I was pondering this question yesterday, but couldn't complete it.
Suppose $F\subset K$ are finite fields, with $[K:F]=2$, and $|F|=q$. If $\alpha\in F$ has order $q-1$, then why does there exist some $\beta\in K$ with order $q^2-1$ such that $\beta^{q+1}=\alpha$?
I know $K^*$ is cyclic with order $q^2-1$, I let $\gamma$ be a generator. Then $F^*$ is the unique cyclic subgroup of $K^*$ or order $q-1$, so $F^*=\langle\gamma^{(q^2-1)/(q-1)}\rangle=\langle\gamma^{q+1}\rangle$. I let $\delta=\gamma^{q+1}$. So if $\alpha\in F$ has order $q-1$, it must be a generator of $F^*$, and thus has form $\alpha=\delta^a$, where $(a,q-1)=1$. If $\beta$ has order $q^2-1$, then it is a generator for $K^*$, and thus has form $\gamma^b$ where $(b,q^2-1)=1$.

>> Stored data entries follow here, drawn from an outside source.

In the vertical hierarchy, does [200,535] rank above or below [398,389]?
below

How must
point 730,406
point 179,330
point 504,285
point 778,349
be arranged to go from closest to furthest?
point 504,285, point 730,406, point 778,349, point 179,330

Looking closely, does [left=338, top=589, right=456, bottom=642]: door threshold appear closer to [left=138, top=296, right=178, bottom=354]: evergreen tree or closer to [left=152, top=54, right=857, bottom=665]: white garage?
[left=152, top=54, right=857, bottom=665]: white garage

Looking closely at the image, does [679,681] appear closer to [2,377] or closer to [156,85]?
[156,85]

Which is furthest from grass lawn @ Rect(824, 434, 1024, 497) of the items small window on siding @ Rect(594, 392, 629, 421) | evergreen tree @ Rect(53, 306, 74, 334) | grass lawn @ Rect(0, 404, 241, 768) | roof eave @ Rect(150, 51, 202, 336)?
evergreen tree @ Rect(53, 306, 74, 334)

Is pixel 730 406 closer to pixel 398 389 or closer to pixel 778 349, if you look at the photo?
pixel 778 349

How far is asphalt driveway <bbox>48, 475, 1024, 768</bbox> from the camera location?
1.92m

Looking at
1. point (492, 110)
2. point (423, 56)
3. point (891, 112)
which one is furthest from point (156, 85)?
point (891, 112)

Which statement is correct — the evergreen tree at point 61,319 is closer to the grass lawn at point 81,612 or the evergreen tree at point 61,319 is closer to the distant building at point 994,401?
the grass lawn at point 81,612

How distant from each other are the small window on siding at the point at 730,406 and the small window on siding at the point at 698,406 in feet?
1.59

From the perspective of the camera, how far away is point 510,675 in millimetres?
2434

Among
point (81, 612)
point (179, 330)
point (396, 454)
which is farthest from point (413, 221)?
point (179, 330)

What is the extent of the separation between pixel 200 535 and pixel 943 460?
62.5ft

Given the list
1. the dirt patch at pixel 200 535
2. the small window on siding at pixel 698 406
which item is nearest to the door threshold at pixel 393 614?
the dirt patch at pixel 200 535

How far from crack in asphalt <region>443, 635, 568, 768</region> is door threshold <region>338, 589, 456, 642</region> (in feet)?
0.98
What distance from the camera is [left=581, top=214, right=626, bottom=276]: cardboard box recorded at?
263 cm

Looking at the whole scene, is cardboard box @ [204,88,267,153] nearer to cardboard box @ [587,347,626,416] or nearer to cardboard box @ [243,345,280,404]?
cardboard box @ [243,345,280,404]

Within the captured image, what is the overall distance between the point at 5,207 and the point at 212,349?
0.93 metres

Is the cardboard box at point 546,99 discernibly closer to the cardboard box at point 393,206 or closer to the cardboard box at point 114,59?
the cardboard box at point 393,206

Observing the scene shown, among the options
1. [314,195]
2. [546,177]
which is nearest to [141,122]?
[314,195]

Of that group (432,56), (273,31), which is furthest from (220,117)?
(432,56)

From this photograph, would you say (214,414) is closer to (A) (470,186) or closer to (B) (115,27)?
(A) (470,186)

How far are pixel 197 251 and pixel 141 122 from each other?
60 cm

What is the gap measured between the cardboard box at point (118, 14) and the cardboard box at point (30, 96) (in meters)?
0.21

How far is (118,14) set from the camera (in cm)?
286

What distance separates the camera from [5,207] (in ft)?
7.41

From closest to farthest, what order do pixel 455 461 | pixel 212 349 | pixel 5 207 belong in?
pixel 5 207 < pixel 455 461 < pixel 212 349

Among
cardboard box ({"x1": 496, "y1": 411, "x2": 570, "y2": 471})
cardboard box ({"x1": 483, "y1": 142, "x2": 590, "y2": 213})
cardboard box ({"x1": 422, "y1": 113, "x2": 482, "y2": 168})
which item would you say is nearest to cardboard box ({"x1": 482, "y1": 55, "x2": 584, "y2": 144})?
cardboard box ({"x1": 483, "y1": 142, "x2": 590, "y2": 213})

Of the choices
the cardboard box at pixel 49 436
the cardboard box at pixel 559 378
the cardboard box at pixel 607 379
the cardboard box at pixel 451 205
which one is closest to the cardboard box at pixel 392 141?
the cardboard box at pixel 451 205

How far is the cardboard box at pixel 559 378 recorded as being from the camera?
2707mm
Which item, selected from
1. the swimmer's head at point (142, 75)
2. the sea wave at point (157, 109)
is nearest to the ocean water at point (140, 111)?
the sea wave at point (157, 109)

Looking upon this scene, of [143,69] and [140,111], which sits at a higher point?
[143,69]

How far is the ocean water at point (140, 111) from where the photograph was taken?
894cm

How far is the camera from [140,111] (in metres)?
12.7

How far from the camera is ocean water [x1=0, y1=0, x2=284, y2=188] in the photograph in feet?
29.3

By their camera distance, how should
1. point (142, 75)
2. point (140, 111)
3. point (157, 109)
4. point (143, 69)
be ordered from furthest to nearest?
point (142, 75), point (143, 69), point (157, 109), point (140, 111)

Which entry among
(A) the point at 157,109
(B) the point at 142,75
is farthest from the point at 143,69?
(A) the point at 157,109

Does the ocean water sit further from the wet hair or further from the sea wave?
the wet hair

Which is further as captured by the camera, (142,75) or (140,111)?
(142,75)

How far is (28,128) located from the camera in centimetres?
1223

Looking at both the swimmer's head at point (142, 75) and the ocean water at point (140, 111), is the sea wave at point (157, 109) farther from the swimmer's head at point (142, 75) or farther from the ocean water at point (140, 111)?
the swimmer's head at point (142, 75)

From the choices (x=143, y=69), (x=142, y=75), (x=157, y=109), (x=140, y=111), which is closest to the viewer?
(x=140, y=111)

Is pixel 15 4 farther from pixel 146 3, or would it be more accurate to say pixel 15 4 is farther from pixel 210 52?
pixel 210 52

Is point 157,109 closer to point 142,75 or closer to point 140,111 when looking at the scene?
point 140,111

Then $\beta^{q+1}=\alpha$ is equivalent to $\gamma^{(q+1)b}=\gamma^{(q+1)a}$, or $\delta^b=\delta^a$. This is asking for $b$ and $a$ such that $b\equiv a\pmod{q-1}$, where $(a,q-1)=1$ and $(b,q^2-1)=1$. But I can't tell if given any $a$ such that $(a,q-1)=1$, if there exists $b$ satisfying the above properties. Thanks.
Source: Chapter 7, #11.
One can also use the Chinese remainder theorem. Clearly $2$ is the only nontrivial common divisor for $q-1$ and $q+1$. Decompose $q-1$ and $q+1$ into prime factors :
$$ q-1=2^j u_1^{e_1} u_2^{e_2} u_3^{e_3} \ldots u_r^{e_r}, $$
$$ q+1=2^{j'} v_1^{f_1} v_2^{f_2} v_3^{f_3} \ldots v_s^{f_s} $$
then there is a $b$ with
$$ b \equiv a \ ({\sf mod} \ 2^{{\sf max}(j,j’)}), b \equiv a \ ({\sf mod} \ u_i^{e_i}), \ b \equiv 1 \ ({\sf mod} \ v_i^{f_i}) $$
This $b$ will do.